Der Favorit und Tabellenführer aus Bern setzt sich in einer unterhaltsamen Partie gegen den FC St.Gallen mit 2:3 durch. In der Offensive zeigte sich der Klassenunterschied am deutlichsten.
Martin Oswald
Jean-Pierre Nsame trifft per Kopf, die St.Galler Verteidiger Hefti und Bakayoko schauen zu. (Bild: Keystone/Gian Ehrenzeller)

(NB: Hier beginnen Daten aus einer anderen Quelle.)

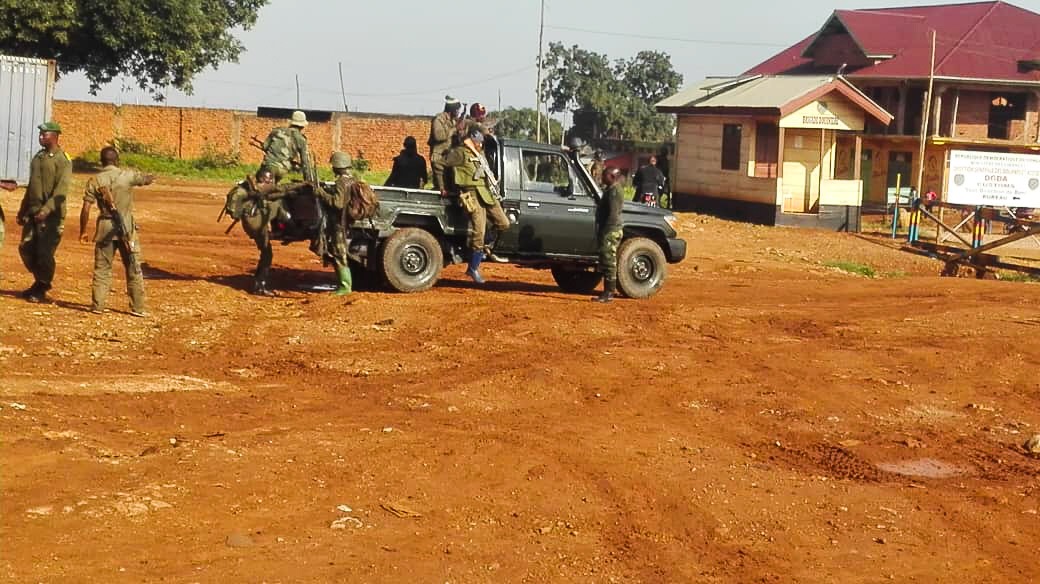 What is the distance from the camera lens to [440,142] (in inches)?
626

Jean-Pierre Nsame trifft per Kopf, die St.Galler Verteidiger Hefti und Bakayoko schauen zu. (Bild: Keystone/Gian Ehrenzeller)

Die Tore

  • 1:0, 13. Minute, Dereck Kutesa: Nach drei kurzen Pässen an der Strafraumgrenze und einem perfekten Zuspiel von Sierro steht Kutesa plötzlich alleine vor YB-Torhüter Von Ballmoos und versenkt den Ball in der linken Torecke.
  • 1:1, 16. Minute, Jean-Pierre Nsame: Die Flanke von Kevin Mbabu auf den schlecht gedeckten Jean-Pierre Nsame und schon ist die Partie wieder ausgeglichen. Dieser bezwingt Goalie Stojanovic mit einem wuchtigen Kopfball zwischen den Beinen.
  • 1:2, 26. Minute, Jean-Pierre Nsame: Beinahe eine Kopie des ersten Berner Treffers. Wieder eine weite Flanke von Mbabu und erneut steht YB-Stürmer Nsame ungedeckt vor dem Tor von Stojanovic. Kopftor Nummer 2.
  • 1:3, 33. Minute, Roger Assalé: Ein schneller Konter, ein Pass in die Tiefe und Assalé läuft alleine auf Stojanovic zu und bezwingt diesen stilsicher. Pech für das Heimteam: Assalé startet wohl knapp aus dem Offside.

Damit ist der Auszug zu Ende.